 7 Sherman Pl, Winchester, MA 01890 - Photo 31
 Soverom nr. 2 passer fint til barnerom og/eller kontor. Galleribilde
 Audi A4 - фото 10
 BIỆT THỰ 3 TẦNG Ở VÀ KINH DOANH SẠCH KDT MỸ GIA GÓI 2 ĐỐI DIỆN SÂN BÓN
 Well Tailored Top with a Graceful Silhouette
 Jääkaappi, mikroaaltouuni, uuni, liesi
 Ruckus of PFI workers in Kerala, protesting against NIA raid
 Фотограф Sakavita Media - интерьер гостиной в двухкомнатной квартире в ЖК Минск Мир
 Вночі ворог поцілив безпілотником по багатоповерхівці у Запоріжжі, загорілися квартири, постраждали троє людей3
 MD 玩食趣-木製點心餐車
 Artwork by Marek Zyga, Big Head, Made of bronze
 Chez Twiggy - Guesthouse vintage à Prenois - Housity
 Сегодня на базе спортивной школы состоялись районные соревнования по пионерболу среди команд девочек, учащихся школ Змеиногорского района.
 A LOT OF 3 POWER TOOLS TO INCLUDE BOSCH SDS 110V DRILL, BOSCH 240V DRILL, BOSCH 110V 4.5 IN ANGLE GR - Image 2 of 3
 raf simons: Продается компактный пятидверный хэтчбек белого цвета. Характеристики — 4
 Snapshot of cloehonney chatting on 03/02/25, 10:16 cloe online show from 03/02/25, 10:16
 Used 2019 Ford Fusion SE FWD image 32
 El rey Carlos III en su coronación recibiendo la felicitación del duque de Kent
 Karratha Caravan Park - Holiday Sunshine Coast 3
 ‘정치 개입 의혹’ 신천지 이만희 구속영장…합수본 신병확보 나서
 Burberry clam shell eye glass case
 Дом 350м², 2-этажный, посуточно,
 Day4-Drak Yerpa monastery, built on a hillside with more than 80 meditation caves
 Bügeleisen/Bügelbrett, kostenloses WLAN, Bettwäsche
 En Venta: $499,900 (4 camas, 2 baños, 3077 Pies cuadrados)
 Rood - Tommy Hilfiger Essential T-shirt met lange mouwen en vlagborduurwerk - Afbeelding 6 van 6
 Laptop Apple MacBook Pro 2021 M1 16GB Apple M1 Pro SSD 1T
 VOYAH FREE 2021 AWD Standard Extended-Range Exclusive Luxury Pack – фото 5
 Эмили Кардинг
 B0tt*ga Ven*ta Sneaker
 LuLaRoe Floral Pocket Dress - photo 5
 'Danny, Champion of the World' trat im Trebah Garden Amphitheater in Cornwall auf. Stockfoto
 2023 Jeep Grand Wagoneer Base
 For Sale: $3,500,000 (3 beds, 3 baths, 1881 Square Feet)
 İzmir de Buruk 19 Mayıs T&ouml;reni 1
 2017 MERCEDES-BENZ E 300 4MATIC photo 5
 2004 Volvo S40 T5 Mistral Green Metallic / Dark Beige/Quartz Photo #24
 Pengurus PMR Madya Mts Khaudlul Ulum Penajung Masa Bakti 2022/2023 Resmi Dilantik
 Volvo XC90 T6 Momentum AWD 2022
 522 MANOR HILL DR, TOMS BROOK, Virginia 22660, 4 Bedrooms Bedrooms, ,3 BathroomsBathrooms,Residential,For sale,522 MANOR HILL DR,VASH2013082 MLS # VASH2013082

________________________________________

- **Work request**: Whenever the word "with" occurs in a line above, copy that line.

- **The answer**:
 Well Tailored Top with a Graceful Silhouette
 Day4-Drak Yerpa monastery, built on a hillside with more than 80 meditation caves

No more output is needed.